= Task instructions =
Take from the entries below the stretch from the line with "Suero antienvejecimiento y" through the line with "golden girls graphic tee", and return it exactly, leaving the pictures out.

= Supplied records =

⟨

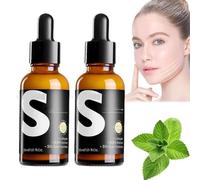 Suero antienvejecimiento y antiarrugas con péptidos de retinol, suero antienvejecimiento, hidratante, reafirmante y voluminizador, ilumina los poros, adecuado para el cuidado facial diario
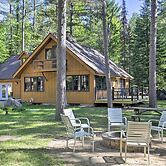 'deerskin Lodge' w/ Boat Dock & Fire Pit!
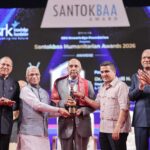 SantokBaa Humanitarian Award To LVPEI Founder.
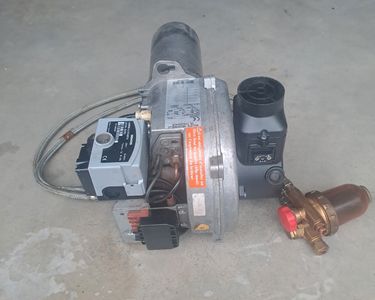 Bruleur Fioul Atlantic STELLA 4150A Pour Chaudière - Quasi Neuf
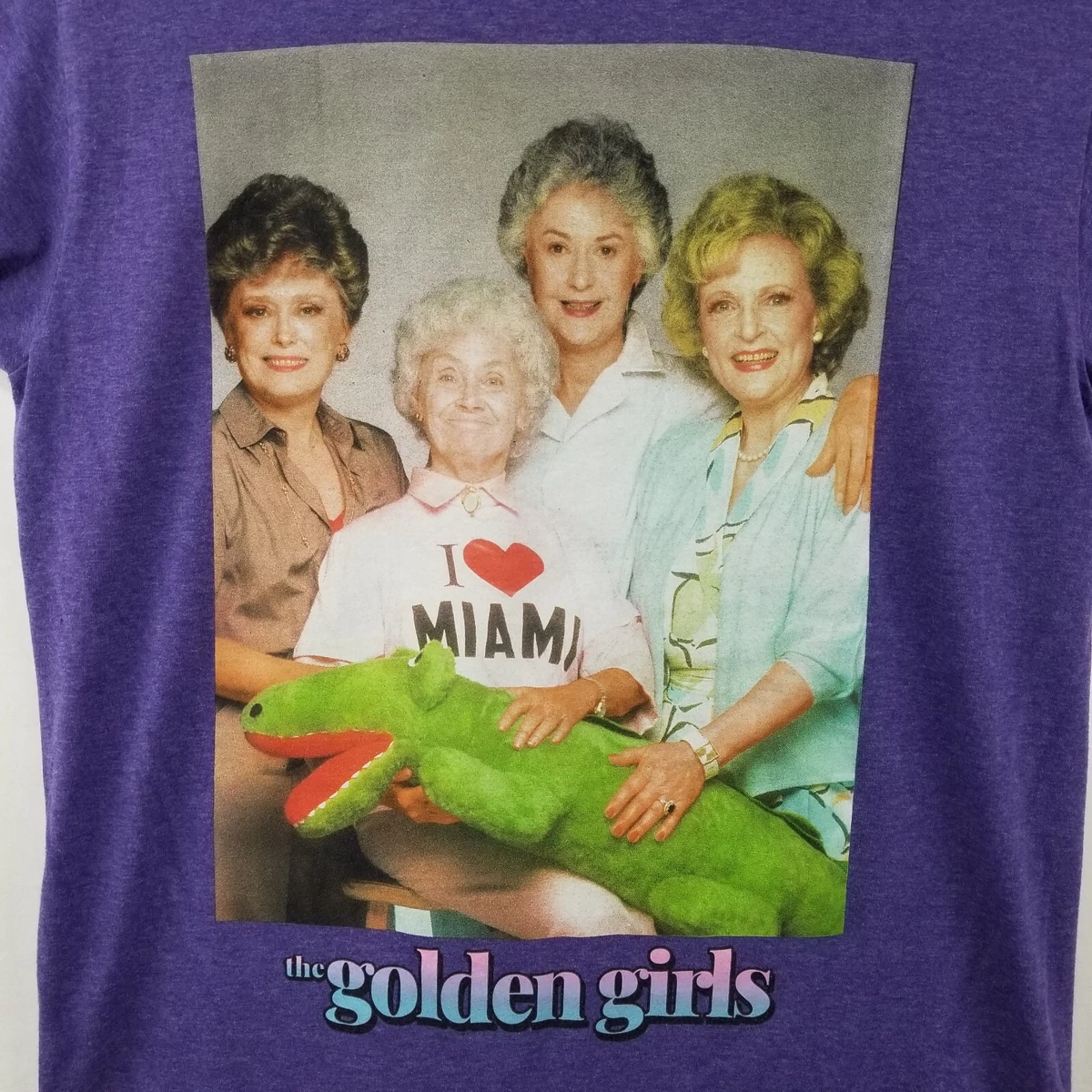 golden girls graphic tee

⟩
⟨

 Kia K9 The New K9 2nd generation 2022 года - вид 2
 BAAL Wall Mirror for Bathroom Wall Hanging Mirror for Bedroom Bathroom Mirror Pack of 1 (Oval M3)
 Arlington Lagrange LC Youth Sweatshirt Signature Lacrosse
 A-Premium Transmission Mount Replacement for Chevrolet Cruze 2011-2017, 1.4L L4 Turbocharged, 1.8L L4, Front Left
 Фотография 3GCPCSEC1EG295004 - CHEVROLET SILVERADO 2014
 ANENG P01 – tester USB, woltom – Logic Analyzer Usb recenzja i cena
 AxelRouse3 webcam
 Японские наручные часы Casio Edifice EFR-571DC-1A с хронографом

⟩
⟨

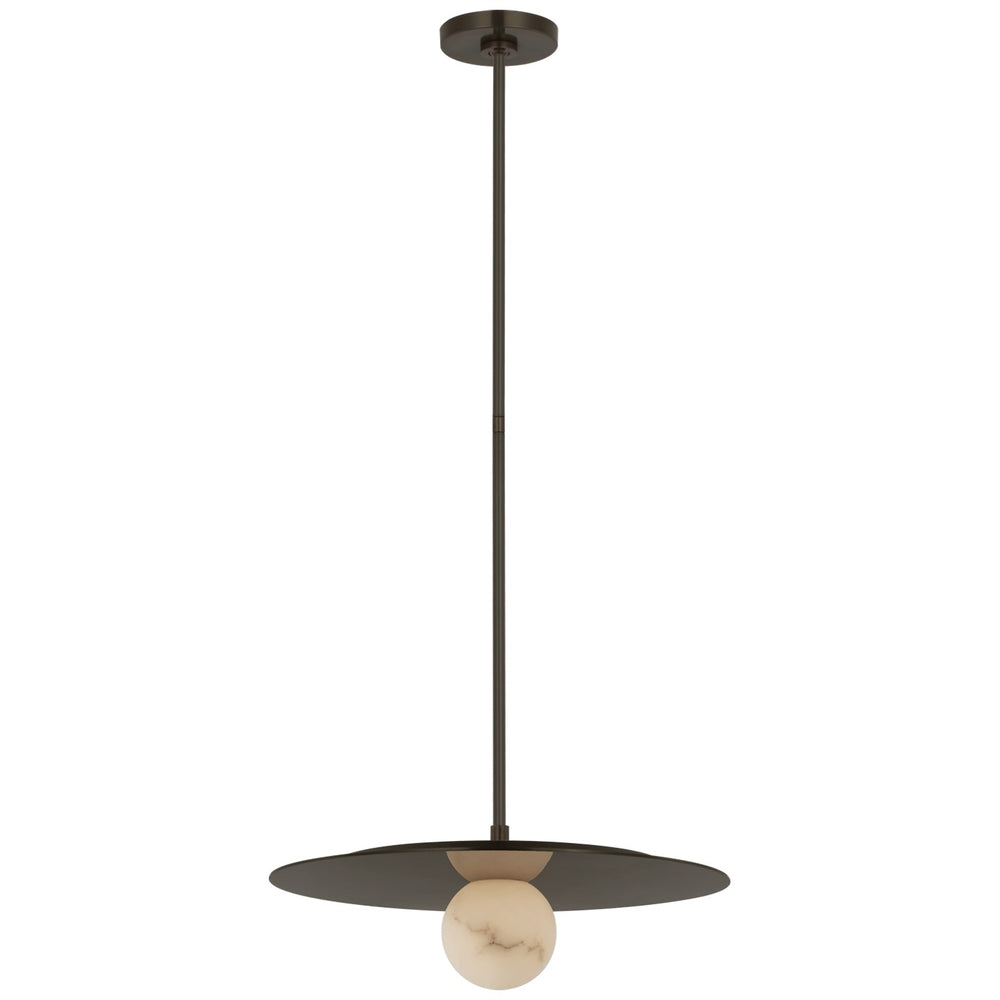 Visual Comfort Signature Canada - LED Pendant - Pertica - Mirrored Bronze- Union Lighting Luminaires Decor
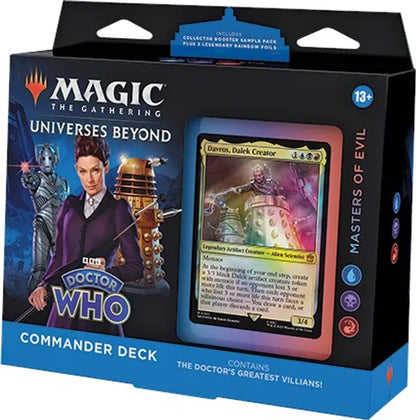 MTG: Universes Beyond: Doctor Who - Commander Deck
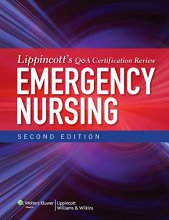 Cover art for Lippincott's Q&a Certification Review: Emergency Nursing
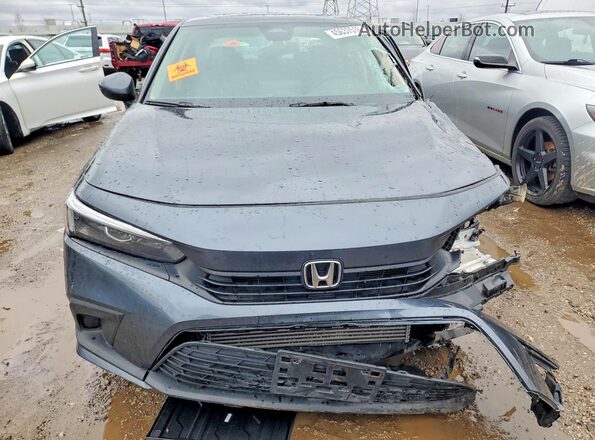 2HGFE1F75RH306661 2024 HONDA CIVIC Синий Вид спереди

⟩

= Written answer =
 Suero antienvejecimiento y antiarrugas con péptidos de retinol, suero antienvejecimiento, hidratante, reafirmante y voluminizador, ilumina los poros, adecuado para el cuidado facial diario
 'deerskin Lodge' w/ Boat Dock & Fire Pit!
 SantokBaa Humanitarian Award To LVPEI Founder.
 Bruleur Fioul Atlantic STELLA 4150A Pour Chaudière - Quasi Neuf
 golden girls graphic tee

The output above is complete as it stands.